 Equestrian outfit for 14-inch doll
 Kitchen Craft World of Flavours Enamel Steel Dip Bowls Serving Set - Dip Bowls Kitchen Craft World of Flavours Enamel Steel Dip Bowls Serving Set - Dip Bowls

--

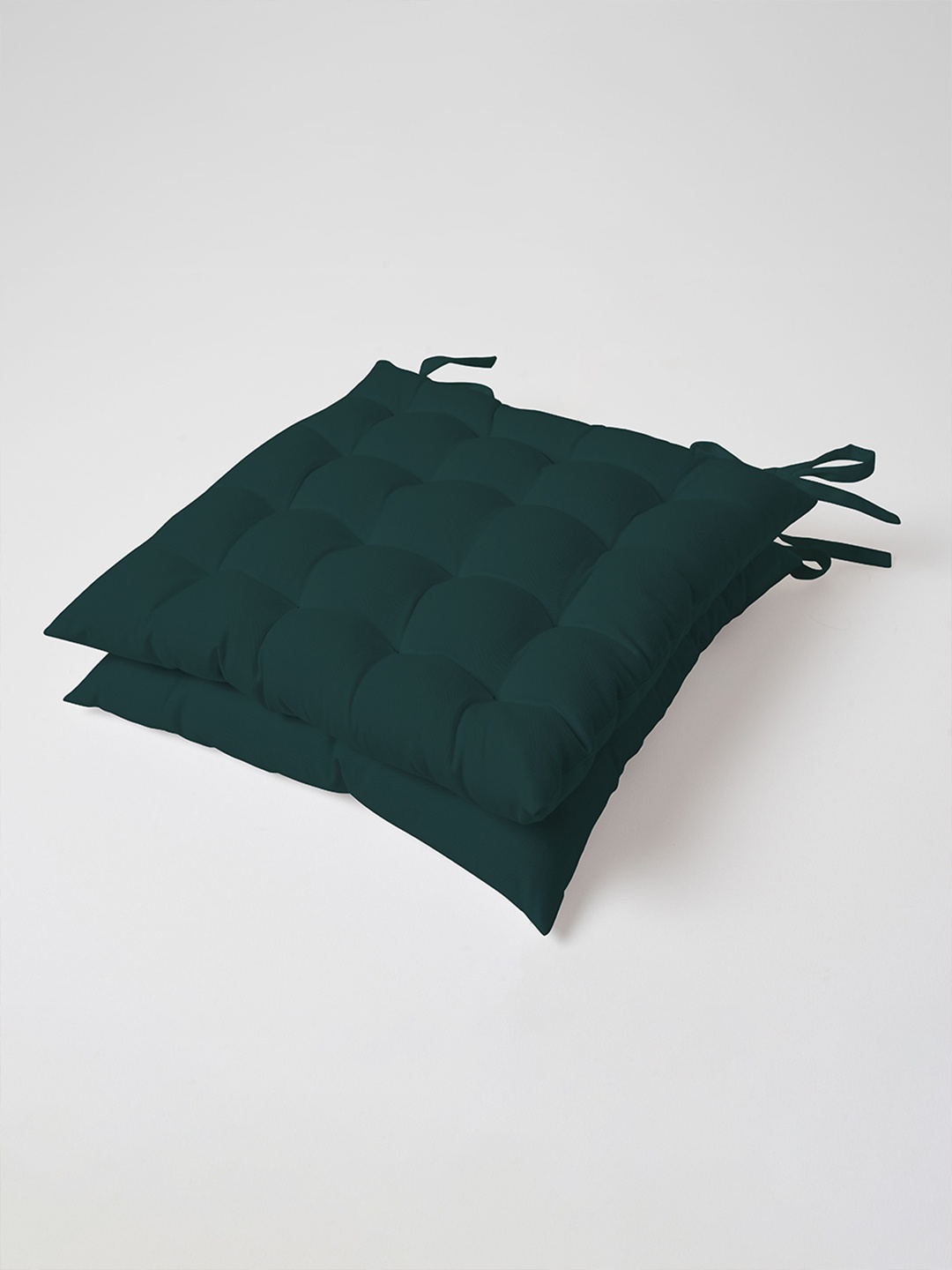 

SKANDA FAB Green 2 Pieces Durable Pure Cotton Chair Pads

...

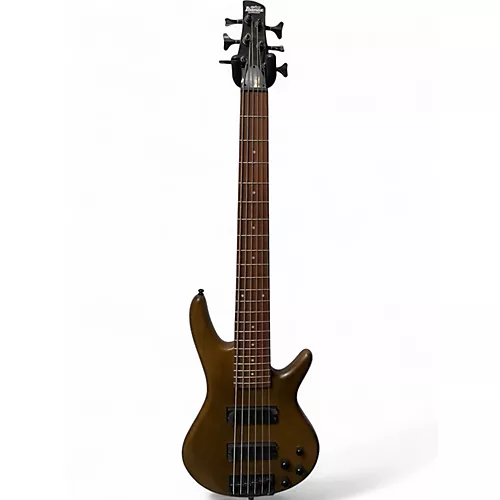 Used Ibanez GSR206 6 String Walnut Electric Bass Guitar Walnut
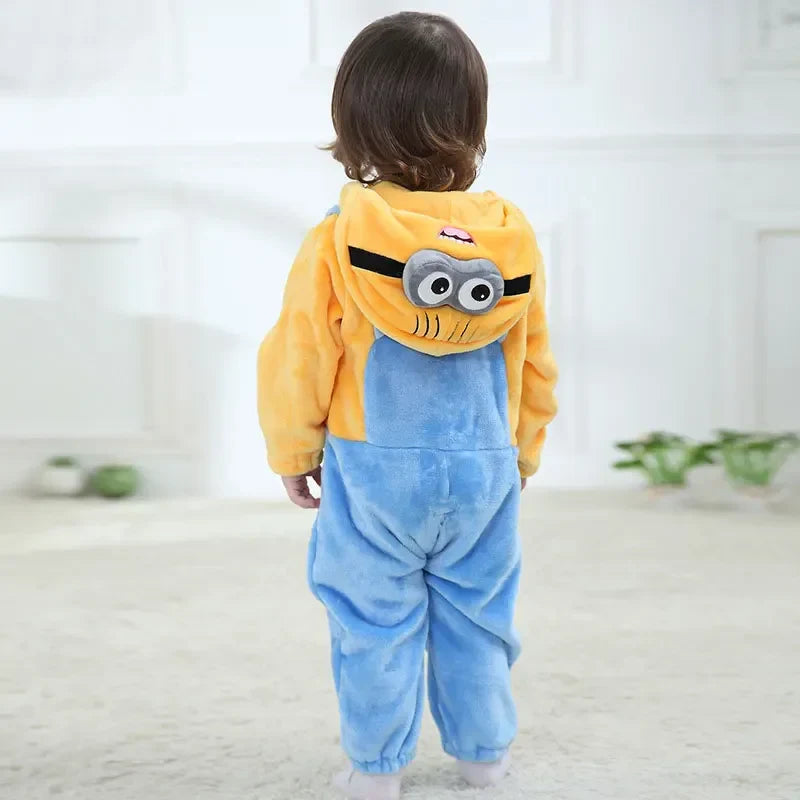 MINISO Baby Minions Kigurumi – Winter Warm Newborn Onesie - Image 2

- _Work to be completed_
Copy out, word for word, the part of the entries above that begins at the line with "Equestrian outfit for 14-inch doll" and ends at the line with "Dip Bowls Kitchen", including both.

- _Response to this exercise_
 Equestrian outfit for 14-inch doll
 Kitchen Craft World of Flavours Enamel Steel Dip Bowls Serving Set - Dip Bowls Kitchen Craft World of Flavours Enamel Steel Dip Bowls Serving Set - Dip Bowls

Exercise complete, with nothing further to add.